El Stop-the-Clock, aunque bien intencionado, añade otra capa de confusión. Las empresas desconocen en qué fecha ni con qué requisitos concretos deberán cumplir. En términos económicos, esta incertidumbre se traduce en parálisis de inversiones y bloqueos en la planificación estratégica, justo cuando Europa necesita estabilidad para competir con las políticas industriales de Estados Unidos y China.
Por último, resulta también preocupante la propuesta del Consejo de la UE de elevar los umbrales de aplicación a 5.000 empleados y 1.500 millones de euros de facturación. Aunque en apariencia supone un alivio para muchas empresas, la medida genera nuevas distorsiones: quedan excluidas compañías medianas con impactos ambientales o sociales significativos y, en cambio, se incluye a grupos que superan las cifras por volumen, pero con riesgos relativamente menores.
Aunque los que esto escribimos somos profundamente pro-europeos y creemos en la importancia del ejercicio de simplificación regulatoria, pensamos que el paquete Omnibus medioambiental no es una simplificación, sino una improvisación regulatoria conducida por presiones políticas que puede conducir al peor de los escenarios posibles. Para las empresas europeas, supone un marco incoherente, plagado de duplicidades y sin claridad regulatoria. Para los objetivos ambientales y sociales, implica una dilución de estándares que no se traduce en mejoras tangibles. Y para el sistema regulatorio en su conjunto, genera incertidumbre masiva al carecer de una metodología seria que defina qué significa simplificar.
La UE corre así el riesgo de quedarse con lo peor de ambos mundos: burocracia costosa sin resultados efectivos, estándares debilitados sin competitividad reforzada. El verdadero desafío es diseñar un marco regulatorio que alinee alcance, obligaciones y objetivos de manera coherente, que cuente con análisis de impacto rigurosos y que asegure competitividad sin vaciar de contenido las metas de sostenibilidad.

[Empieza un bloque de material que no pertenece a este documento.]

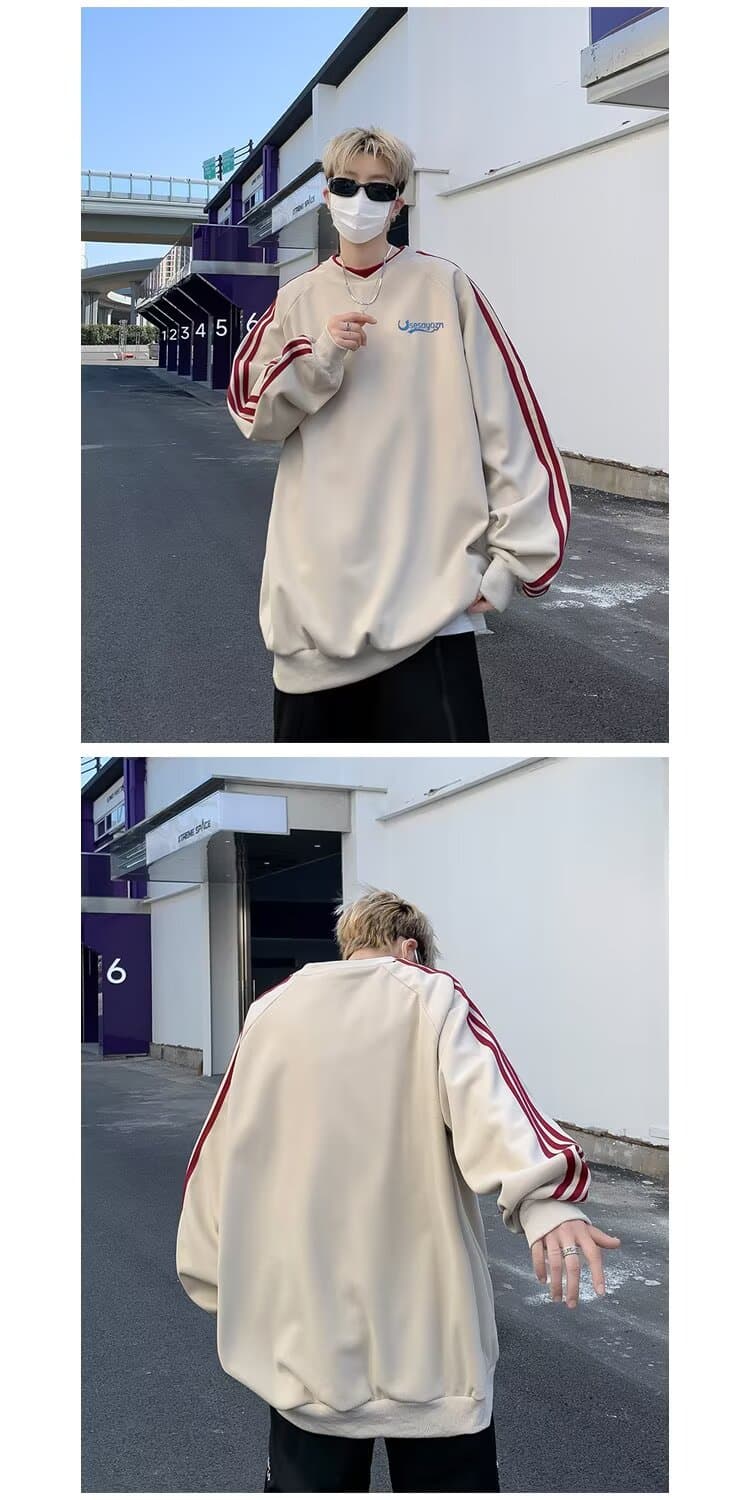 아메리칸 후드티 남성과 여성 봄 가을 한국 스타일 새로운 라운드 넥 루즈핏 맨위 커플 chic 항구 바람 트렌드 중성 바람 상세 이미지 11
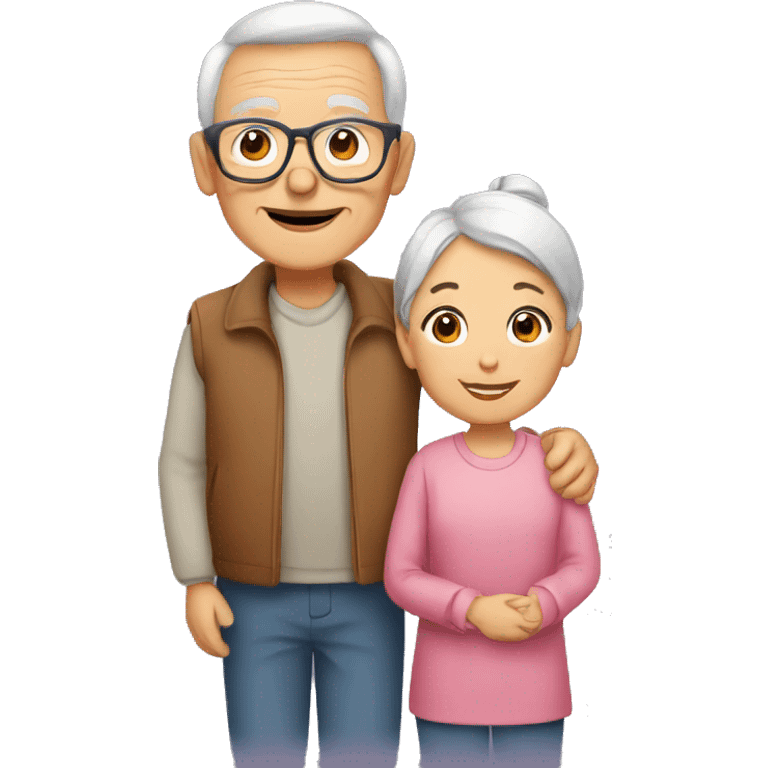 grandparents and grandchild emoji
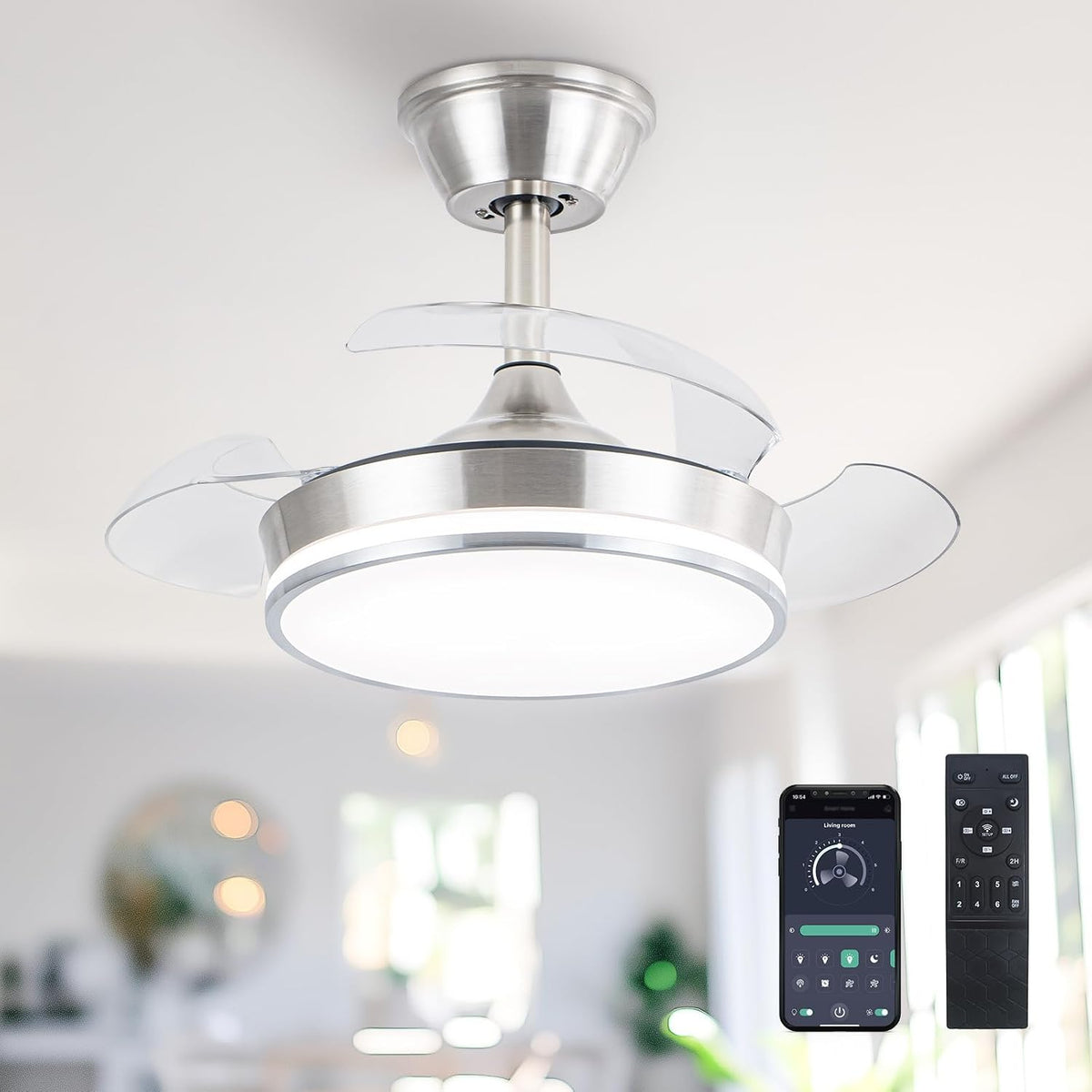 30" Retractable Ceiling Fan with Light & Remote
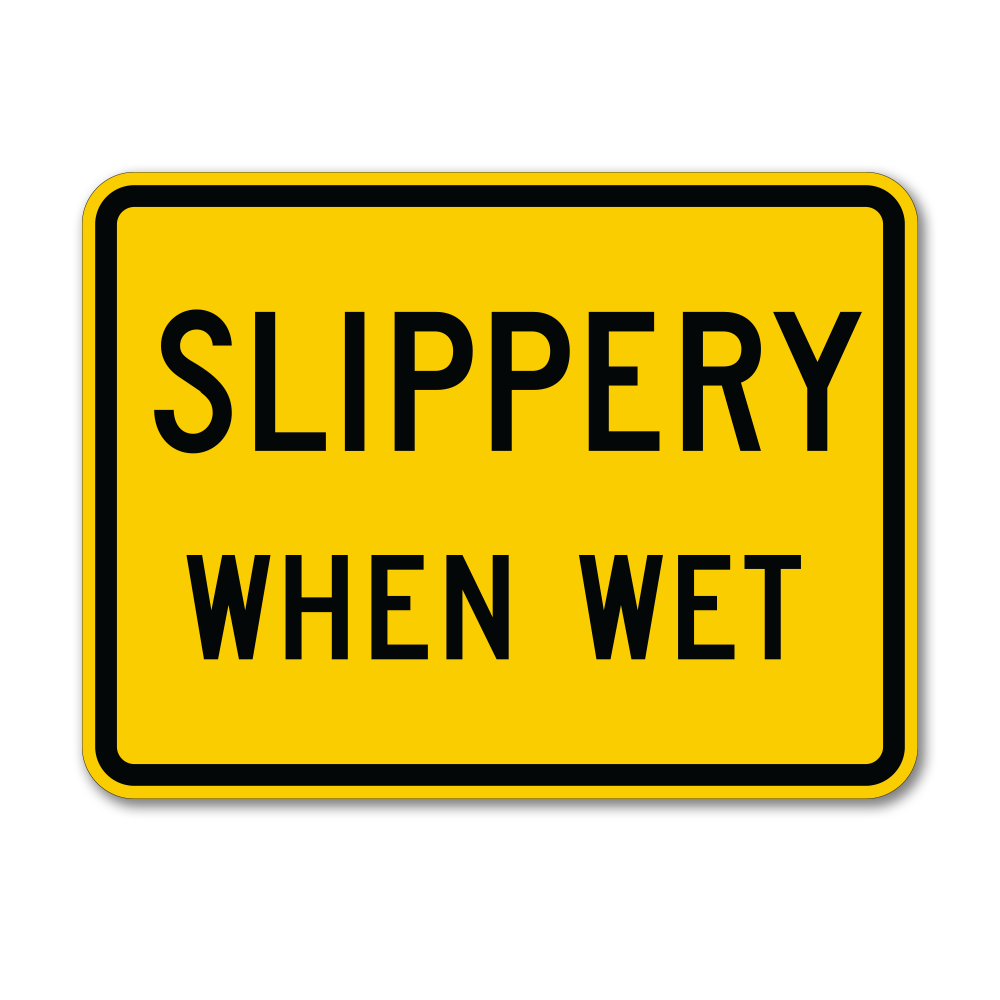 Caution Slippery Road Sign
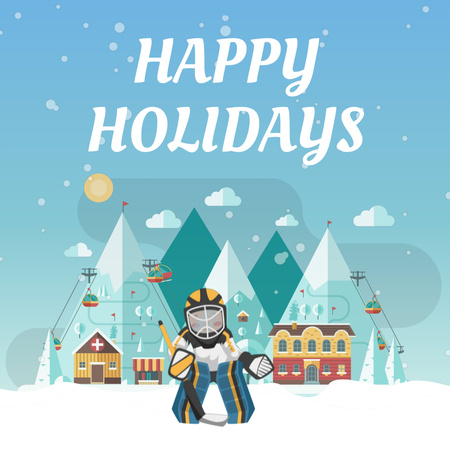 Modèle de visuel jolies vacances d'hiver salut - Animated Post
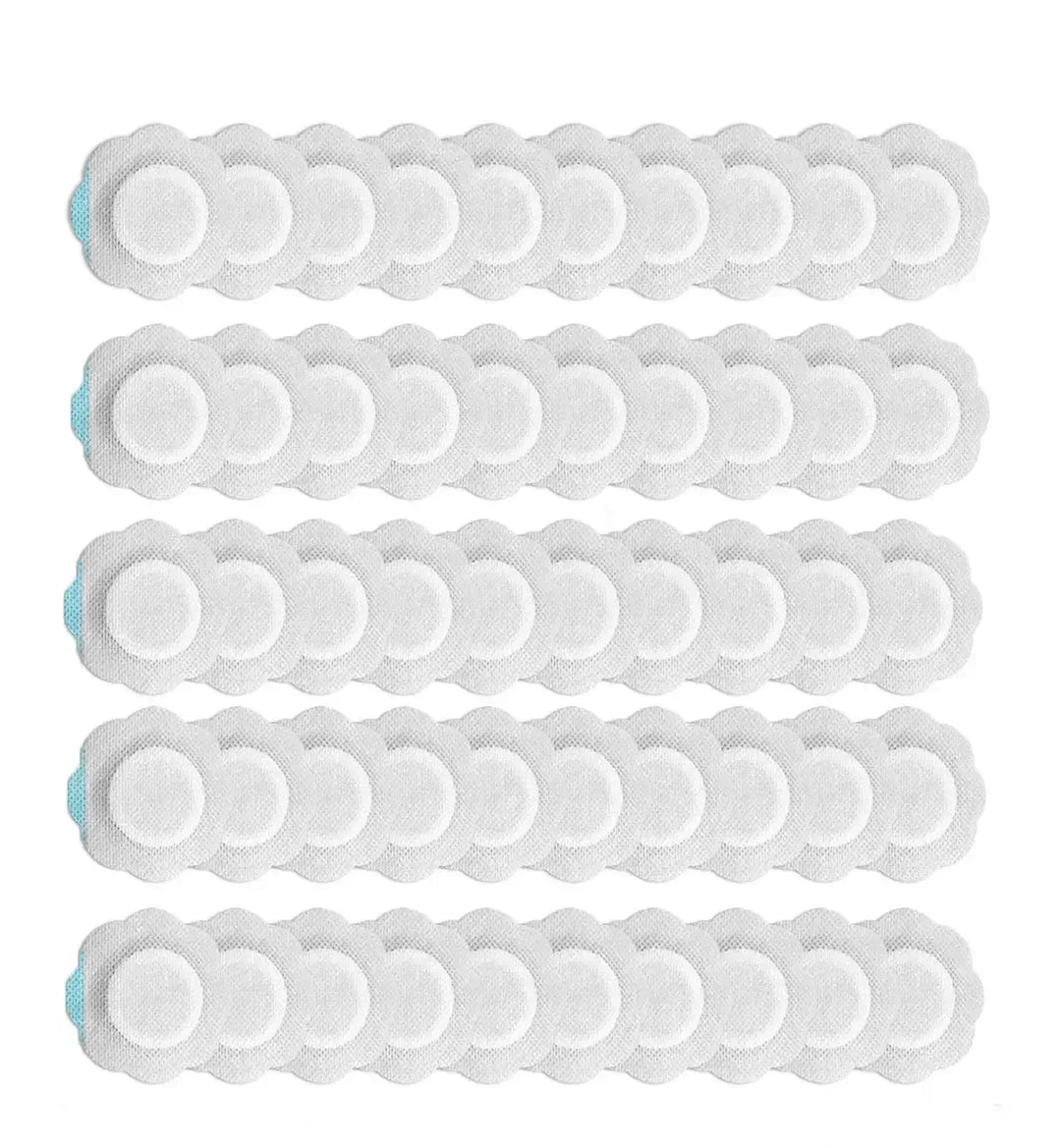Rows of white adhesive electrode pads with blue tabs arranged on white background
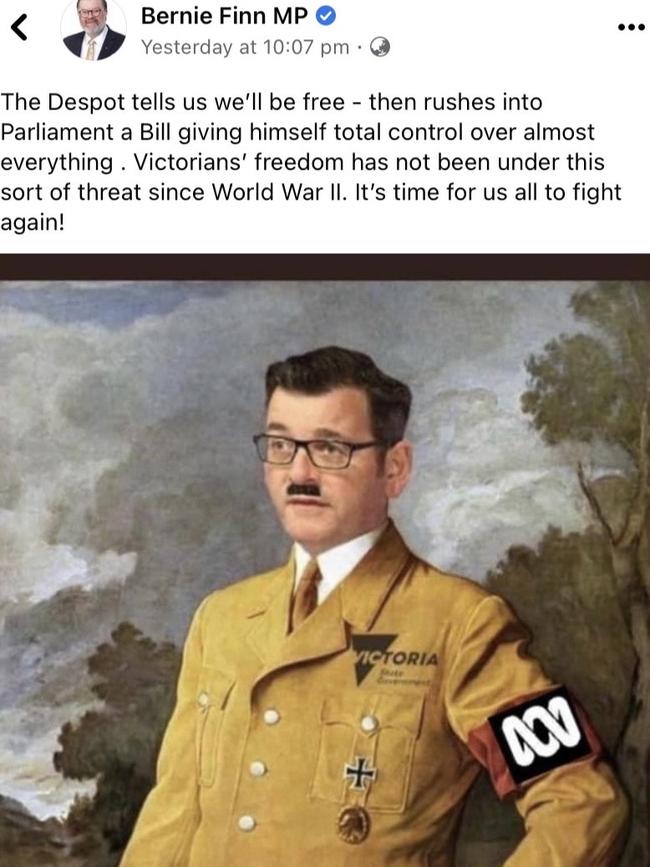 Controversial Liberal MP Bernie Finn deleted an offensive post which compared Daniel Andrews to Adolf Hitler.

En definitiva, si de verdad queremos simplificar, no basta con retrasar plazos ni recortar aquí y allá: hay que rehacer la arquitectura. Un marco coherente exige alinear alcances, obligaciones y objetivos, sobre una misma columna vertebral de datos y definiciones, con evaluación de impacto previa y revisiones periódicas. Eso significa due diligence proporcional y basada en riesgos, reportes que sirvan para gestionar (no para decorar), y umbrales que respondan a materialidad real y no a cifras arbitrarias, evitando extraterritorialidades que dañan la competitividad sin mejorar el clima ni los derechos. Solo así la UE recuperará credibilidad. Simplificar no es improvisar: es diseñar mejor. Y si para ello hacen falta unos meses más para trabajar en propuestas coherentes, sea.
*Judith Arnal es investigadora principal en CEPS y el Real Instituto Elcano y Fernando Pinto es profesor de Economía Aplicada en la Universidad Rey Juan Carlos.